Sometimes, through outside influences or the stress of our day-to-day lives, we can lose this inherent ability. But it is possible to learn to be kinder, to develop this trait with practice and repetition.

Just like any skill or attribute, people can actively work on building their compassion and develop a mindset conducive to kindness and understanding towards others. Darwin observed that humans have an enormous capacity for prosocial, cooperative, and altruistic behaviour.2 That is, we’re all capable of kindness if we choose.

The health benefits of being kind

Though it may sound counterintuitive, there are studies that suggest that the act of providing support or being kind can have profound benefits for the “giver”:

Kindness helps minimise anxiety

Being kind has the ability to minimise anxiety by creating a sense of improved emotional wellbeing. When we are kind, we alter our focus from our own worries and anxiety, instead looking to the needs and happiness of others. Being kind to others allows us to cultivate a sense of peace, calm, and compassion within ourselves ultimately helping us minimise anxiety.

Could practicing kindness be a cure?

While there’s no magic ‘one-size fits all’ solution, there are many (proven and anecdotal) ways to reduce feelings of anxiety, such as:

But one thing not really talked about is how being nice to others can actually be one of the easiest, most inexpensive ways to keep anxious feelings at bay. You see, as the giver of kindness, you can reap the psychological reward – in other words, it feels good to be nice.

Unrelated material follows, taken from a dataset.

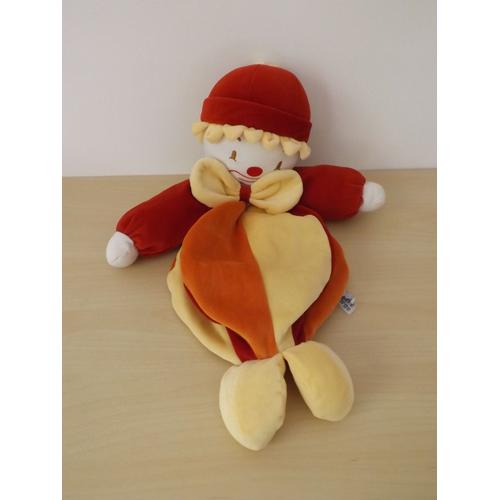 Peluche Range Pyjama Clown Jaune Rouge Orange Sucre D'orge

When you’re kind to another person, your brain’s pleasure and reward centres are activated, as if you were the recipient of the good deed—not the giver. This phenomenon is called the “helper’s high".3

Kindness reduces stress

Helping others lets you get outside of yourself and take a break from the stressors in your own life, and this behaviour can also make you better equipped to handle stressful situations.

Scientists have found that perpetually kind people have less cortisol (the stress hormone) and age slower than the average population4.

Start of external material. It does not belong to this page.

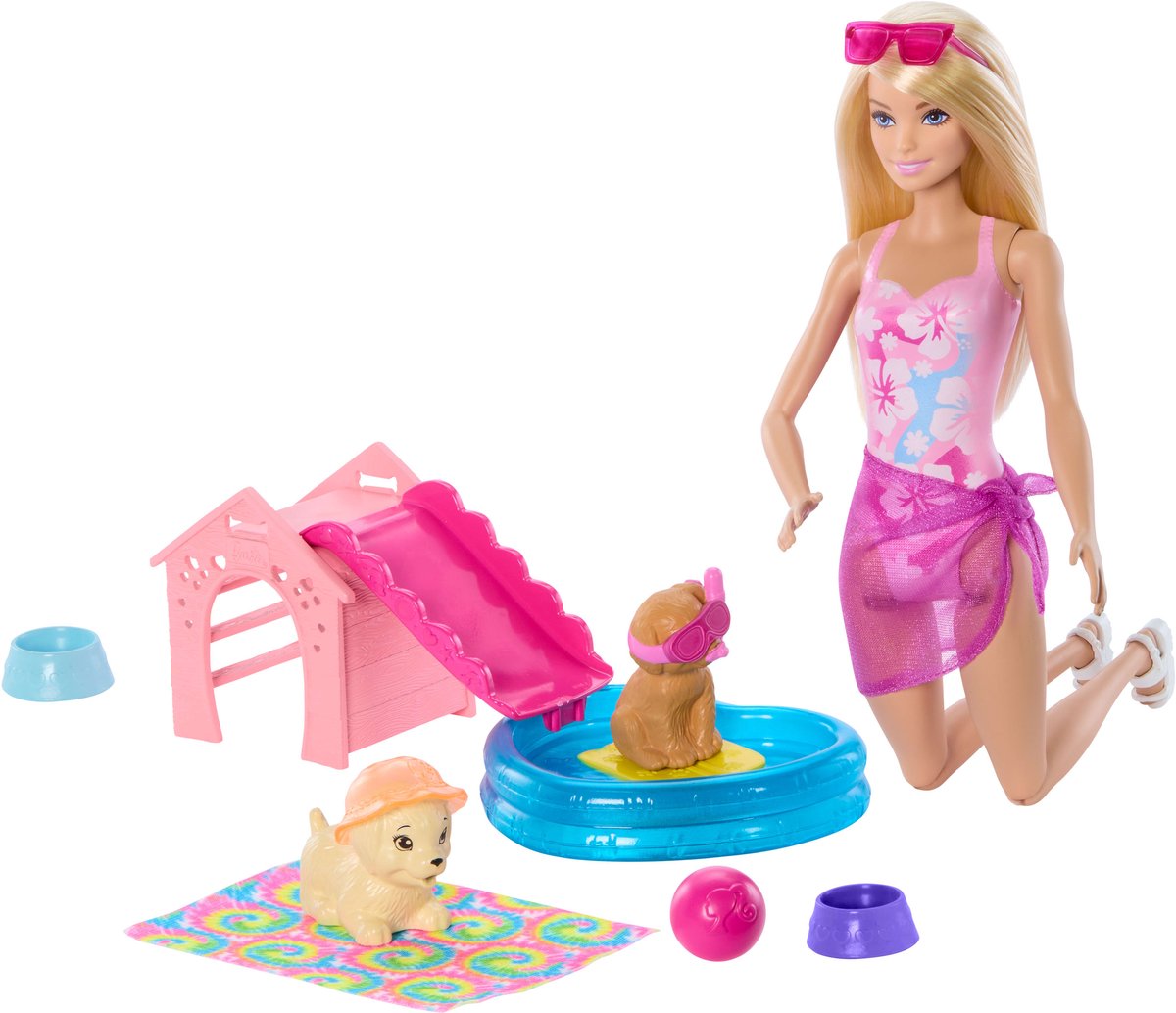 Fête à la piscine avec les chiots de la famille Barbie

Doing nice things for others helps boost your serotonin and dopamine levels, the neurotransmitters in your brain responsible for feelings of satisfaction, reward and wellbeing. Like exercise, kindness and altruism also releases endorphins, that euphoric feeling that money can’t buy.5

Being kind can actually boost heart health too!

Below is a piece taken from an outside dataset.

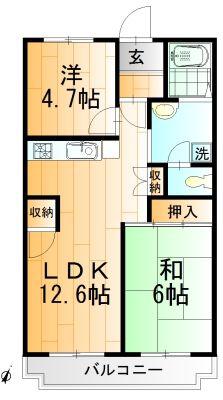 ミリアビタNO26(2LDK/3階)の間取り写真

Physically, making others feel good can also affect the actual chemical balance of your heart. Kindness releases the hormone oxytocin (also known as the ‘love hormone’), which causes the release of a chemical called nitric oxide in blood vessels, which dilates the blood vessels and lowers blood pressure.6

Giving is good for society

When we give to others it activates the areas of the brain associated with pleasure, social connection, and trust. It can make us feel closer to people, it creates community. When we have communities or ‘tribes’ of like-minded people helping each other out, it helps reduce feelings of social isolation and loneliness

One common description of loneliness is the feeling we get when our need for rewarding social contact and relationships is not met7 and it’s widely reported as a contributing factor to mental health conditions like depression.

Not feeling like we have anyone to share our problems with can impact on our psychological mental resilience. When times get difficult, it’s good to talk and share how you’re feeling, which is why social connection is important.

>Read more on how to cope with loneliness

Kindness is contagious

Apparently, the positive effects of kindness are experienced in the brain of everyone who witnesses a kind act, improving their mood and making them significantly more likely to “pay it forward.”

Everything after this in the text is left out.